What are Some of the Ways a Newly Married Couple Should Manage its Finances?
It’s one thing to manage personal finance solo and a completely different thing to manage it when you are married. This is because when you have a partner then a lot of things change- your monthly expenses, net household income, addition of new expenses, etc.
To be sure that money doesn’t become a problem after marriage, it’s important that all the newly married individuals follow some basic practices:
- Emergency Fund
Couples in which both the husband and the wife are salary earners may have a high combined income. However, this doesn’t mean that they are not vulnerable to financial risks.
Life is unpredictable, and so even when a couple is able to generate a high income, they should set an emergency fund which should be enough to support them for at least 3-6 months without any external income.

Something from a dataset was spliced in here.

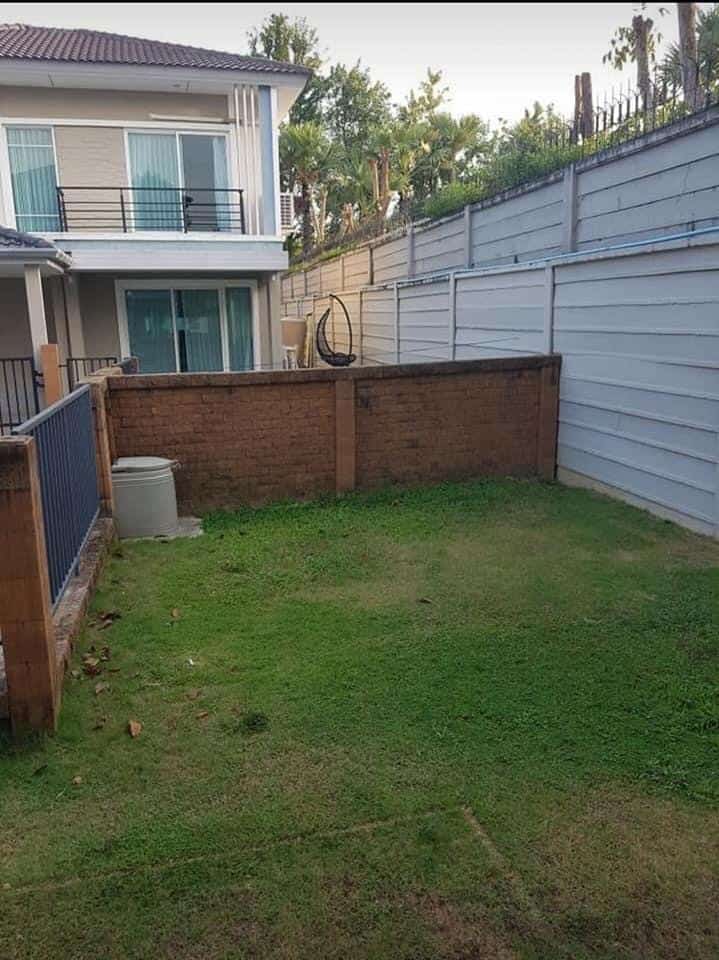 For Rent : Kathu, Private House Modern Style, 3 bedrooms 2 Bathrooms, Garden View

Although insurance is important even when you are single, when you are married, it becomes all the more important. This is because, then you have a family that depends on you.

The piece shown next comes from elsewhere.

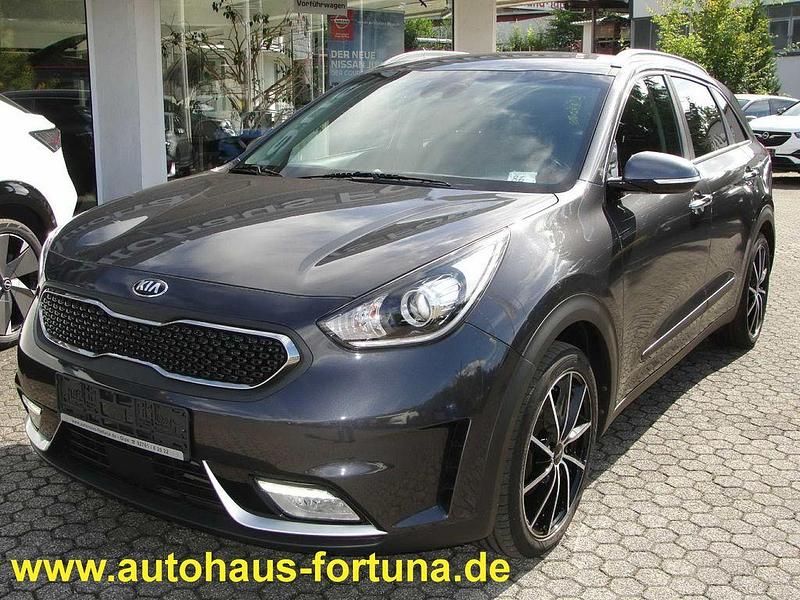 Gebraucht Kia Niro Vision 105 PS (77 kW) 2017 Platinum graphite SUV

Good healthcare can be quite expensive today. Thus, it’s wise to invest in a good family insurance plan that offers a high coverage.
- Monthly Budget
When the expenses of husband and wife are combined, then things can easily get out of control. It’s also hard to identify unnecessary expenses and save enough money. These problems can be solved by creating a monthly budget after a mutual agreement and sticking to it. This way, the couple will know exactly how much money they need to spend and how much they can save.
- 4. Updating Nomination in Financial Instruments
After getting married, both partners may want to update the nomination information in the bank accounts, mutual funds, etc. so that in case one of them passes away in an unfortunate event, the surviving partner is able to access the funds without inconvenience.